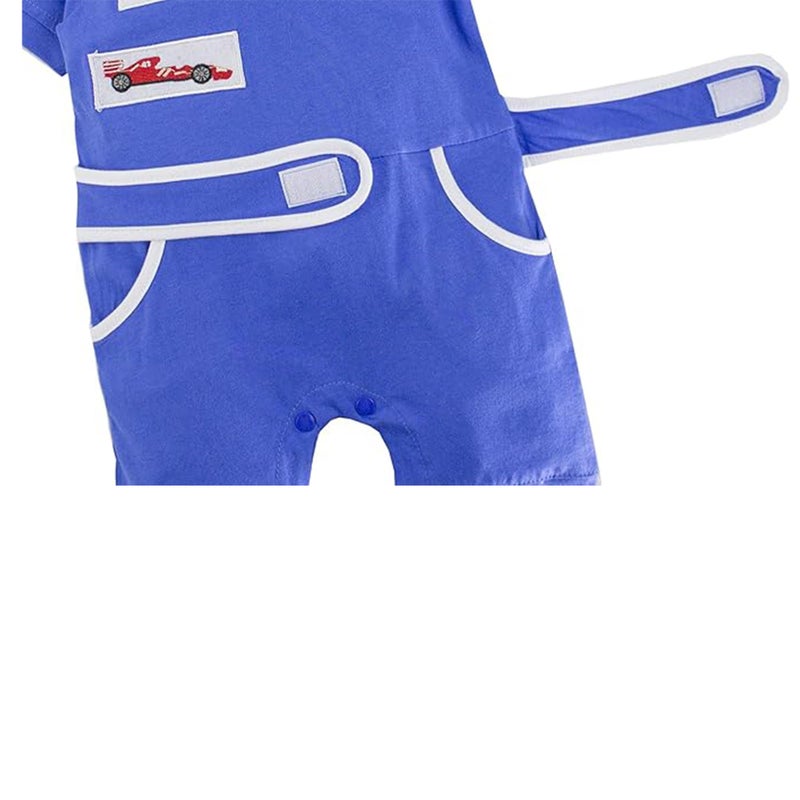 stylesilove Baby Boy Car Racer Romper - Cotton Short Sleeve Outfit for Birthday, Halloween, Toddler Clothes (Blue, 12-18 Months) - Image 5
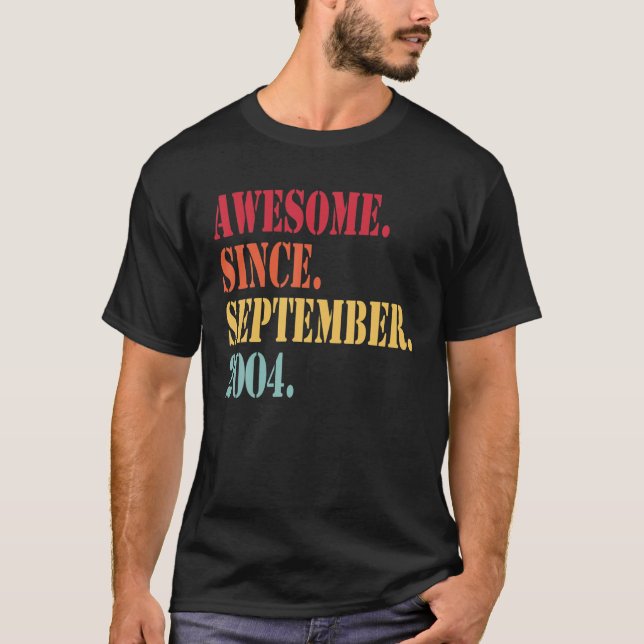 Awesome Since September 2004 For 18 Year Old - 18T T Shirt (Framsida)
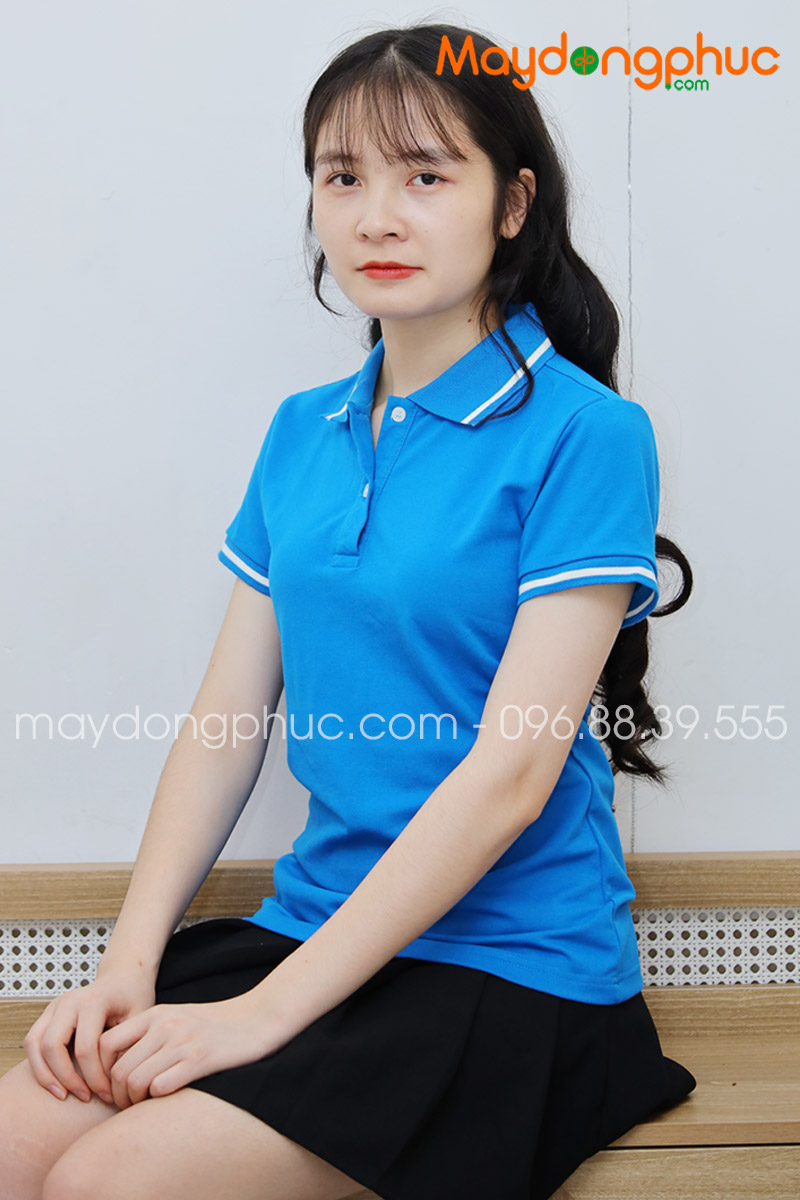 Áo phông polo màu xanh YA | Ao phong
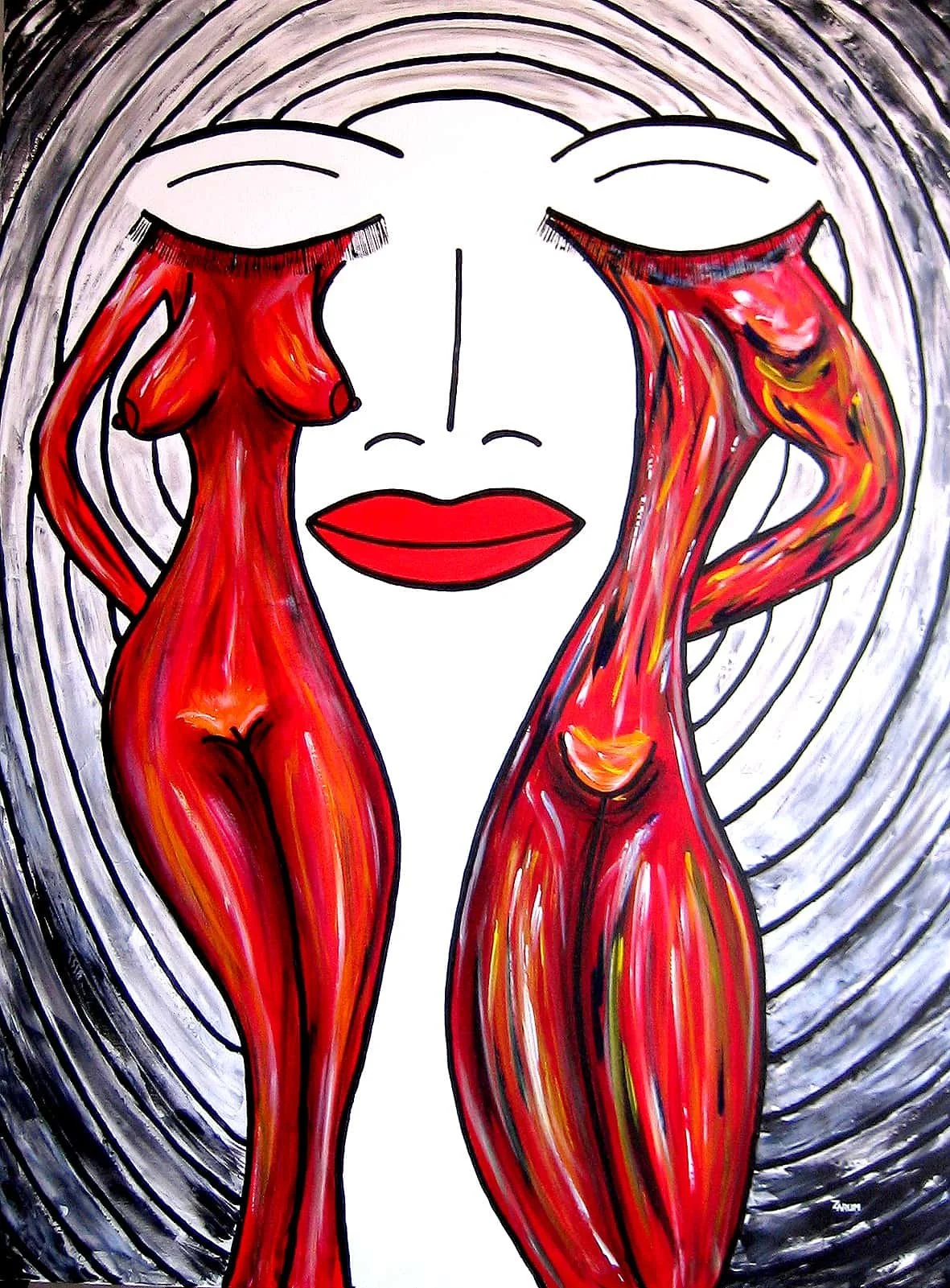 Title: Dream Lover     Medium: Acrylic on Canvas      Size: 130cm X 97cm

Dream Lover:   Dream lover where are you. As the lyrics from the song says. We are all looking and dreaming of our dream lover, partner, and soul mate. In this painting I have 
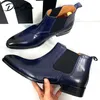 Boots Luxury Brand Men's Ankle Boots Slip On Chelsea Boots Casual Mens Dress Shoes Blue Black Wedding Office Leather Boots Men 231216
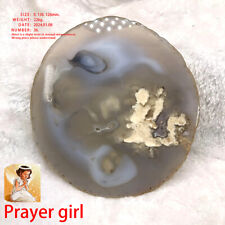 226g natural fun pictographic pattern girl gray agate slice slab crystal quartz picture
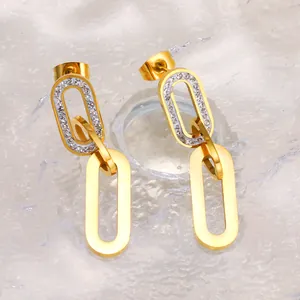 18K gold plated stainless steel interlocking oval link earrings with cubic zirconia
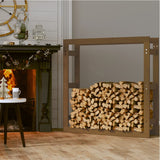 Portalegna Marrone Ambra 100x25x100cm Legno Massello di Pino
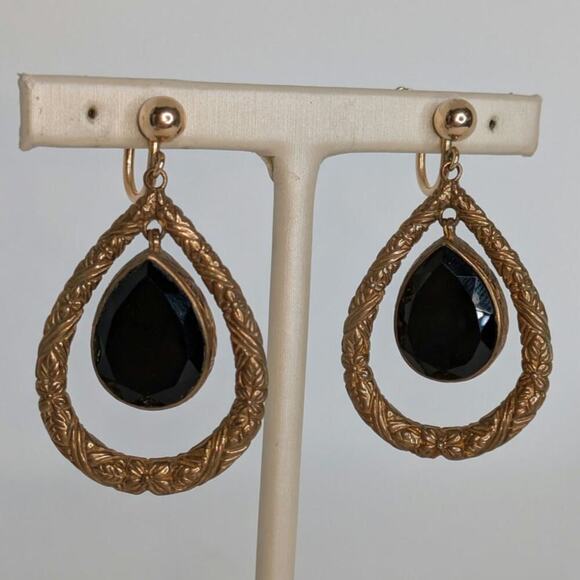Stephen Dweck Jewelry - Stephen Dweck Black Onyx Etched Bronze Gold Teardrop Dangle Clip GF Earrings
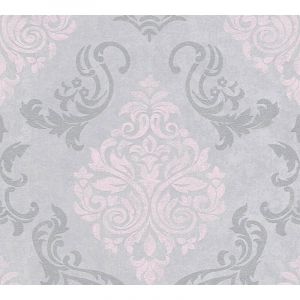 Papier peint baroque Profhome 953726 papier peint intiss&eacute; l&eacute;g&egrave;rement textur&eacute; au style baroque satin&eacute; gris argent rose 5,33 m2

### Problem statement
Using the entries above, repeat exactly the lines from the one with "226g natural fun" to the one with "Stephen Dweck Jewelry", both included, and leave the pictures behind.

### Response box
 226g natural fun pictographic pattern girl gray agate slice slab crystal quartz picture
 18K gold plated stainless steel interlocking oval link earrings with cubic zirconia
 Portalegna Marrone Ambra 100x25x100cm Legno Massello di Pino
Stephen Dweck Jewelry - Stephen Dweck Black Onyx Etched Bronze Gold Teardrop Dangle Clip GF Earrings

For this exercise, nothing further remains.